[Information shown]:
——

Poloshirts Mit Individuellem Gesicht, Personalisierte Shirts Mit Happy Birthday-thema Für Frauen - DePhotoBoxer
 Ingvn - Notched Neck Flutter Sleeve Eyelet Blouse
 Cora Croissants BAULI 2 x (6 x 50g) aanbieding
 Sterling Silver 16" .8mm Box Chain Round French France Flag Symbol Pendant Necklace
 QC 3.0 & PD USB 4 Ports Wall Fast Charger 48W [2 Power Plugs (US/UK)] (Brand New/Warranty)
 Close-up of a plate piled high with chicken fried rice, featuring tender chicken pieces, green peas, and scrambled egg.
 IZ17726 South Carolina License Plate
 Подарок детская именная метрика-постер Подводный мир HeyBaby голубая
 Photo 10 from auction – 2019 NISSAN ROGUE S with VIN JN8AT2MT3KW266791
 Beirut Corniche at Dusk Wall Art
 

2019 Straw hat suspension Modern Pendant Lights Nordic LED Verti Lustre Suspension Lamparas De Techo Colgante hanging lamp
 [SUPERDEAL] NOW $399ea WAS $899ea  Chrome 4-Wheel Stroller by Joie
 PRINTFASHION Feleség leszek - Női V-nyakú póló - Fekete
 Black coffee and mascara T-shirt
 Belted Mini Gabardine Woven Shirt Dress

——

[Task to carry out]: Where a line of the records has the string "Wall", return that line.

[Exercise response]:
 QC 3.0 & PD USB 4 Ports Wall Fast Charger 48W [2 Power Plugs (US/UK)] (Brand New/Warranty)
 Beirut Corniche at Dusk Wall Art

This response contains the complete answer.